Will Discredited Murdoch Get His U.S. Comeuppance?

The recently released UK parliamentary report on the phone hacking scandal involving News Corporation is destined to become a classic exposition of corporate misconduct.

Its authors appear to have exhausted their thesaurus in coming up with various ways of accusing the company and its top executives, including CEO Rupert Murdoch, of deceit. The company’s long-time claim that the hacking was the work of a single “rogue reporter” is described as “false” (p.7) and “no longer [having] any shred of credibility” (p.67). Various assertions made by the company are said to have been “proven to be untrue” (p.9). Company officials are portrayed as having acted “to perpetuate a falsehood” (p.84), “failing to release to the Committee documents that would have helped to expose the truth” (p.14) and as having “repeatedly stonewalled, obfuscated and misled” (p.68).

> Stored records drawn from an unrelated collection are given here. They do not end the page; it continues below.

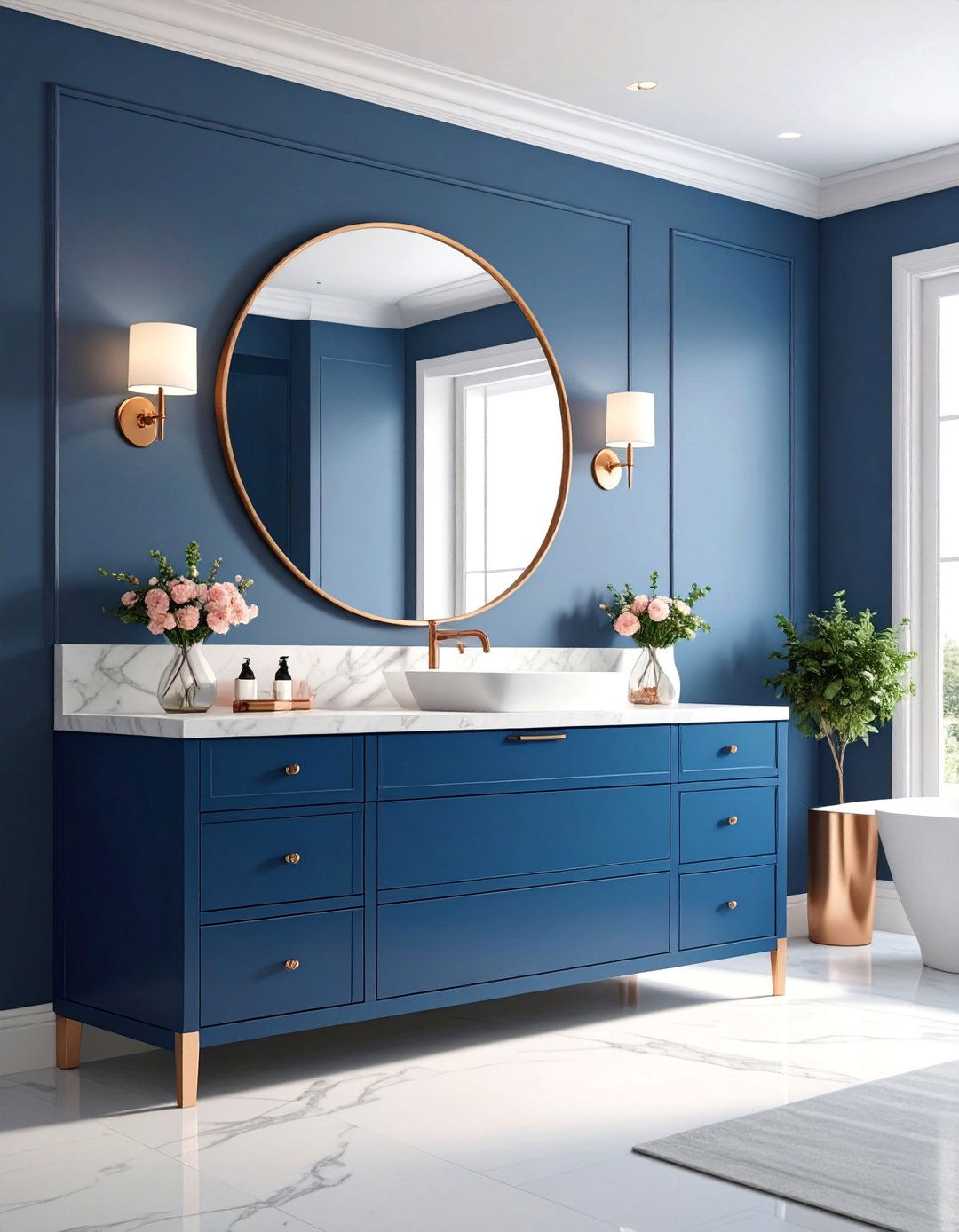 Navy Blue and Warm Rose Gold Luxurious Modern Femininity - 25 Designer-approved Colors That Go With Navy Blue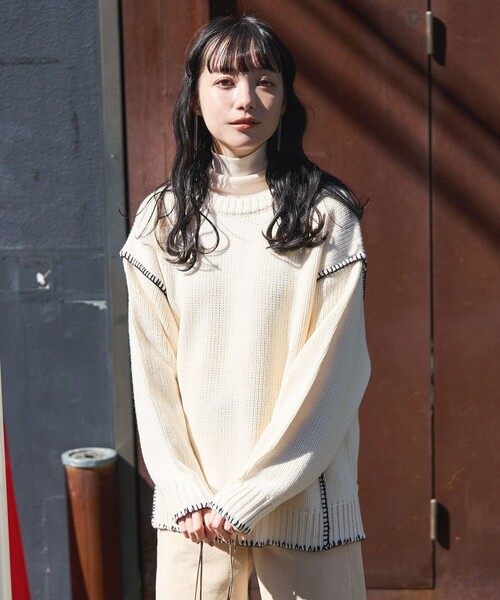 FREAK'S STORE(フリークスストア)の「ハンドステッチニット(ニット/セーター・レディース・オフホワイト/ブラック/ブラウン/グリーン・フリ-)」の14枚目の写真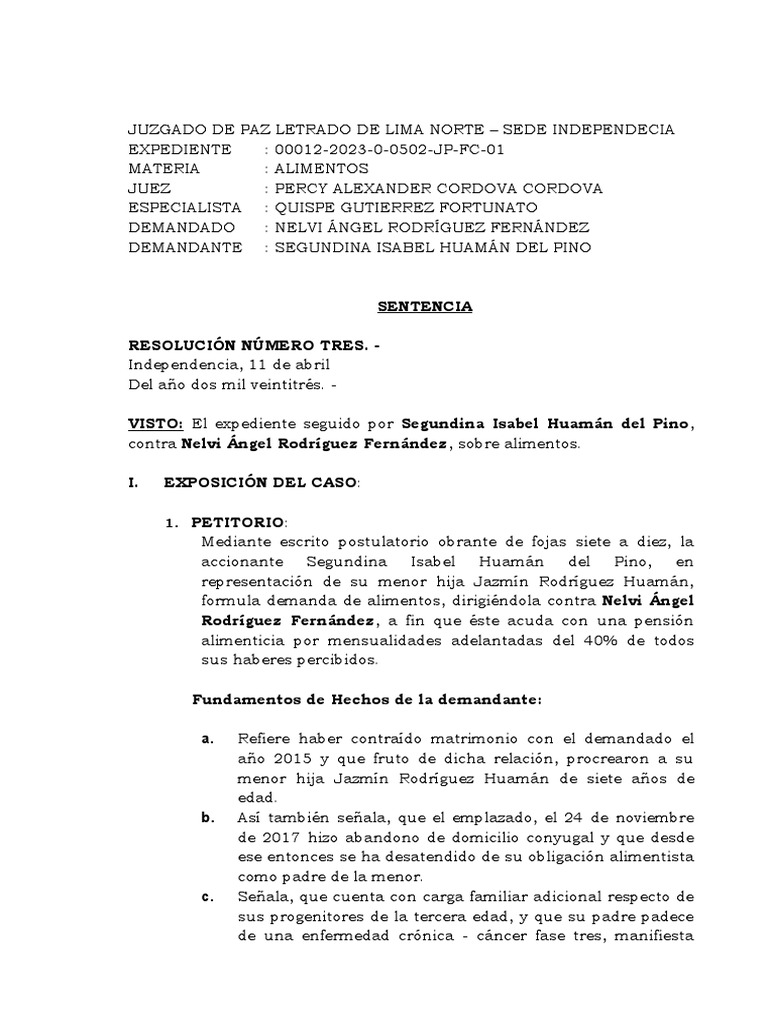 Sentencia de Alimentos | PDF
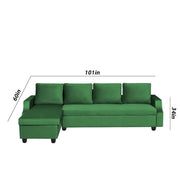 Asper LHS 6 Seater L Shape Sofa Set for Living Room (Green Fabric) Premium Fabric Sofa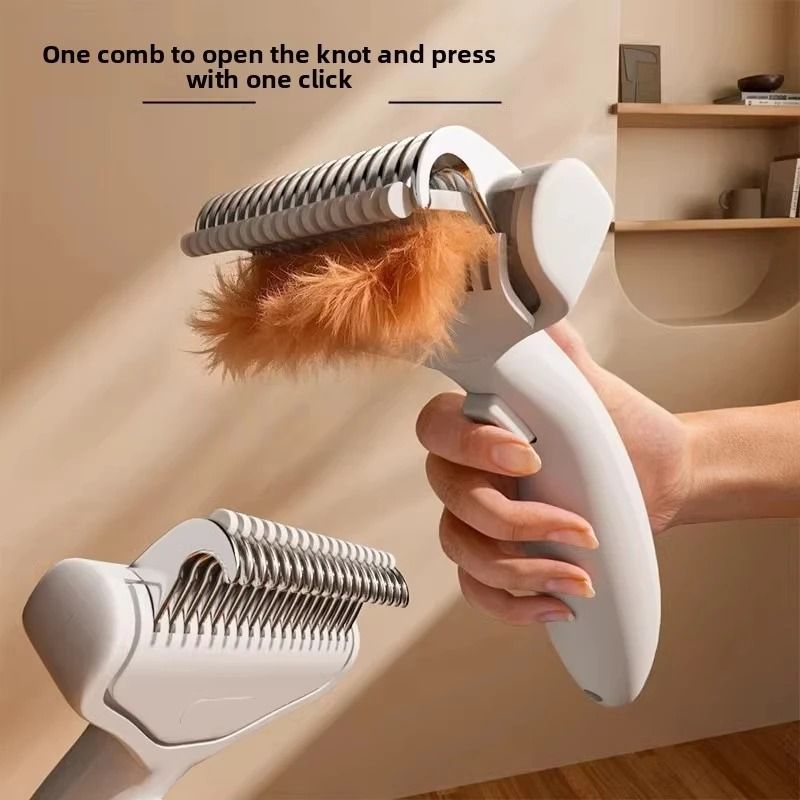 Stainless Steel Pet Dematting Comb – Professional Dog Hair Removal Brush – High-Yield Grooming & Deshedding Tool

The report does not come out and directly call Rupert Murdoch a dirty rotten liar, but it makes the same point in a more biting way when it says of the media mogul’s official testimony: “Rupert Murdoch has demonstrated excellent powers of recall and grasp of detail, when it has suited him” (p.68).

In language rare for a government document to use about a powerful corporation and its top executive, the report declares:

On the basis of the facts and evidence before the Committee, we conclude that, if at all relevant times Rupert Murdoch did not take steps to become fully informed about phone-hacking, he turned a blind eye and exhibited wilful blindness to what was going on in his companies and publications. This culture, we consider, permeated from the top throughout the organisation and speaks volumes about the lack of effective corporate governance at News Corporation and News International. We conclude, therefore, that Rupert Murdoch is not a fit person to exercise the stewardship of a major international company (p.70).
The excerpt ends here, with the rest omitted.